# How Many Outbackers...



## Y-Guy (Jan 30, 2004)

How many Outbackers does it take to change a lightbulb?

One to change the light bulb and to post that the light bulb has been changed.

Fourteen to share similar experiences of changing light bulbs and how the light bulb could have been changed differently.

Seven to caution about the dangers of changing light bulbs.

Seven more to point out spelling/grammar errors in posts about changing light bulbs.

Five to flame the spell checkers.

Three to correct spelling/grammar flames.

Six to argue over whether it's "lightbulb" or "light bulb." Another six to condemn those six as stupid.

Fifteen to claim experience in the lighting industry and give the correct spelling.

Nineteen to post that this group is not about light bulbs and to please
take this discussion to a lightbulb (or light bulb) forum.

Eleven to defend the posting to the group saying that we all use light bulbs and therefore the posts are relevant to this group.

Thirty six to debate which method of changing light bulbs is superior, where to buy the best light bulbs, what brand of light bulbs work best for this technique and what brands are faulty.

Seven to post URLs where one can see examples of different light bulbs.

Four to post that the URLs were posted incorrectly and then post the corrected URL.

Three to post about links they found from the URLs that are relevant to this group which makes light bulbs relevant to this group.

Thirteen to link all posts to date, quote them in their entirety including all headers and signatures, and add "Me too."

Five to post to the group that they will no longer post because they cannot handle the light bulb controversy.

Four to say "didn't we go through this already a short time ago?"

Thirteen to say "do a Google search on light bulbs before posting questions about light bulbs."

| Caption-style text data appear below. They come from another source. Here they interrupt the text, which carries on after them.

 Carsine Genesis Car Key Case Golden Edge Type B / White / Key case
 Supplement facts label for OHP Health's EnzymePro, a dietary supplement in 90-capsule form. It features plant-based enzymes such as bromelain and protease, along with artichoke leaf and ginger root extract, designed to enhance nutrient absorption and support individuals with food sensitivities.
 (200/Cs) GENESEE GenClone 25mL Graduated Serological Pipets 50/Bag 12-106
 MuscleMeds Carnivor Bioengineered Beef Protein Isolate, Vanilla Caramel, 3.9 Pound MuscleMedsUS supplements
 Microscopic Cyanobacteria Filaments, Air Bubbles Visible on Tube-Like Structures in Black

Three to tell a funny story about their cat and a light bulb.

AND

One group lurker to respond to the original post 6 months from now with something unrelated they found at _snopes.com_ (http://snopes.com/) and start it all over again!


----------



## RizFam (Feb 25, 2006)




----------



## Katrina (Dec 16, 2004)

seen it before, but Oh so very true.


----------



## Ghosty (Jan 17, 2005)

Hey you forgot someone wishes HAPPY BIRTHDAY in the middle of it all ...


----------



## tdvffjohn (Mar 10, 2005)

I can t believe you forgot to mention how many times PDX Doug will bump it









Sorry Doug, could not resist









John


----------



## HootBob (Apr 26, 2004)

And don't forget the Dittos also
















Don


----------



## 2500Ram (Oct 30, 2005)

To help out RizFam you need to copy the complete url from smileycentral.com including the portion in the box provided.

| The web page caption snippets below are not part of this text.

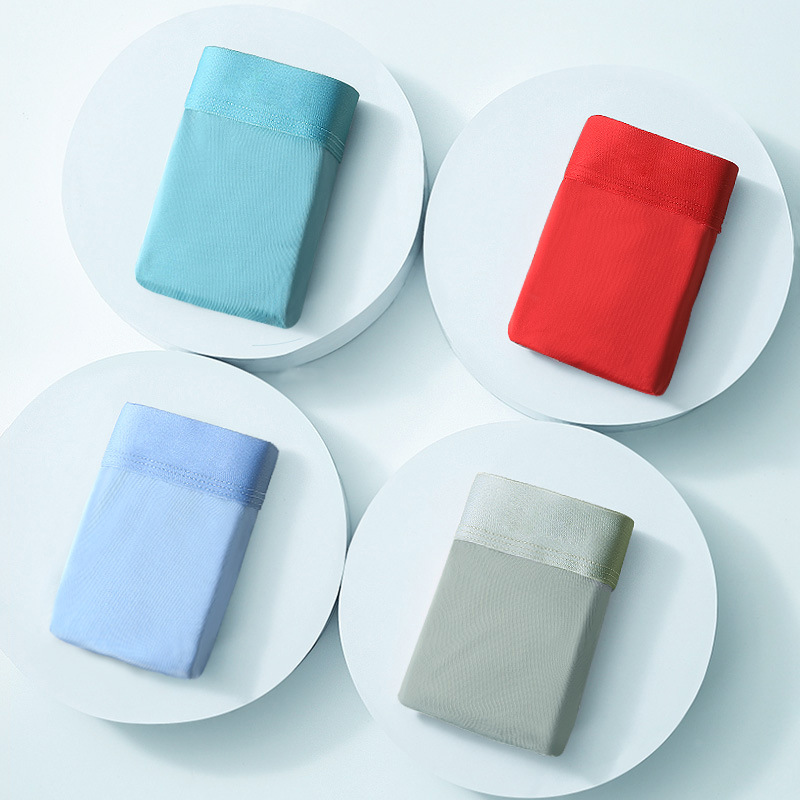 Calzoncillos Bóxer de Seda de Hielo para Hombre, Antibacterianos, Transpirables, de Verano, de Cuatro Puntas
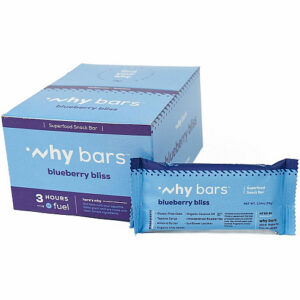 Why Bars Superfood Protein Snack Bars Gluten-free, Dairy-free, Soy-free, Non-GMO, Individually Wrapped - Blueberry Bliss - 2.04 oz - 12 / Pack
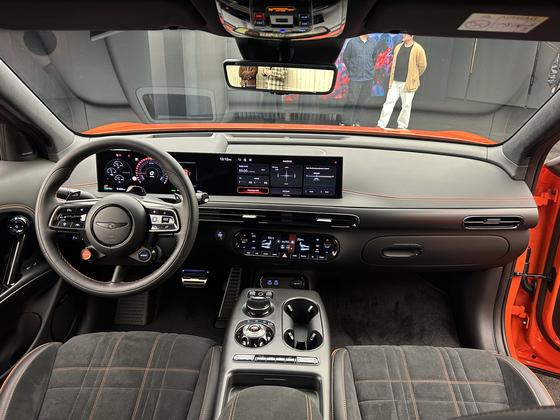 The interior of the Genesis GV60 Magma, the brand’s first high-performance model. [SARAH CHEA] 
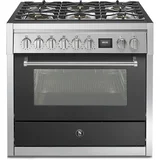 Steel Genesi 90cm Upright Gas Cooker with Combi-Steam Oven GQ9S-6W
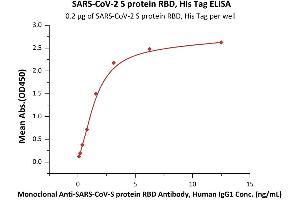 Immobilized SARS-CoV-2 S protein RBD, His Tag (ABIN6952628) at 2 μg/mL (100 μL/well) can bind Monoclonal Anti-SARS-CoV-S protein RBD Antibody, Human IgG1 with a linear range of 0. (SARS-CoV-2 Spike S1 Protein (RBD) (His tag))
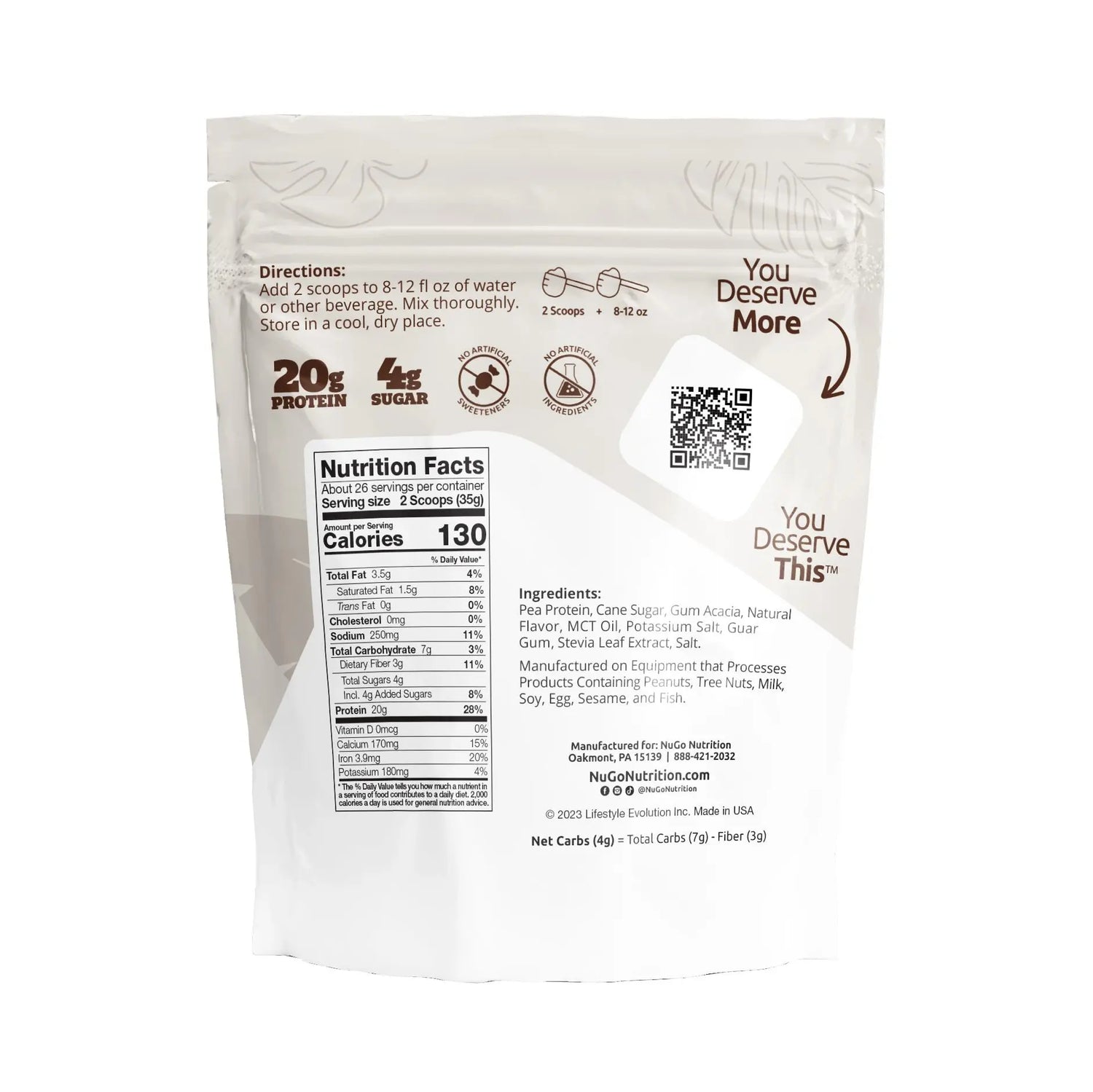 Indulge in Nutritious Goodness with Vanilla NuGo Plant Protein Powder - 20G Protein Per Serving!
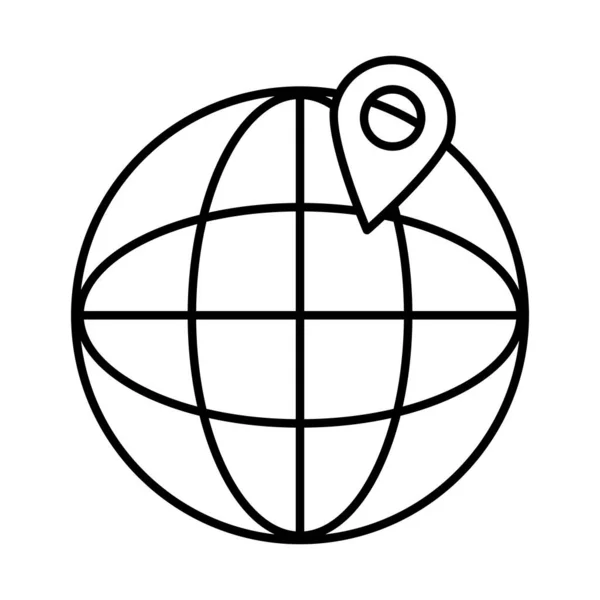Esfera global y ubicación pin icono, estilo de línea — Archivo Imágenes Vectoriales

[img]http://smileys.smileycentral.com/cat/4/4_1_72.gif

and to just bump again saying I posted this about 2 months ago but not with the Outback in the title.

Bill.


----------



## RizFam (Feb 25, 2006)

2500Ram said:


> To help out RizFam you need to copy the complete url from smileycentral.com including the portion in the box provided.
> 
> and to just bump again saying I posted this about 2 months ago but not with the Outback in the title.
> 
> ...


Thanks Bill, appreciate the help.









Riz


----------



## wolfwood (Sep 19, 2005)

tdvffjohn said:


> I can t believe you forgot to mention how many times PDX Doug will bump it
> 
> 
> 
> ...


LOL - - - the whole time I was reading, i was waiting for that (or maybe a discussion about standing on a conveyor belt while changing the light bulb. ...and what about energy efficiency, american made vs foreign-born LBs, wattage, colors (personally, I like the red ones), a debate on whether "grow lights" classify as lightbulbs...oh,







will the list never end?


----------



## shake1969 (Sep 21, 2004)

At least one to analyze if the light bulb was on a conveyor belt, moving at light speed, if you turned it on, would it work?


----------



## mswalt (Sep 14, 2004)

And, for those old, old Outbackers.........(and you know who you are).........a light bulb is a little glass thingy with wires in it that emits light when hooked up to electricity.









Mark


----------



## Oregon_Camper (Sep 13, 2004)

tdvffjohn said:


> I can t believe you forgot to mention how many times PDX Doug will bump it
> 
> 
> 
> ...


Man...that's gonna leave a mark. Ouch..


----------



## PDX_Doug (Nov 16, 2004)

Well....

I was gonna say something pithy about the whole conveyor belt thingie, but Wolfie beat me to it. So I will just say...

*SAYS YOU!*









Happy Trails,
Doug


----------



## GlenninTexas (Aug 11, 2004)

Well, I think it really al depends on whether its a 12v bulb or a normal 110v bulb.
Do you have to take off a lens cover? If 12v, are you replacing with 4w, 7w or 11w bulbs? And where can you get them?
This could take a question to the forum to resolve correctly.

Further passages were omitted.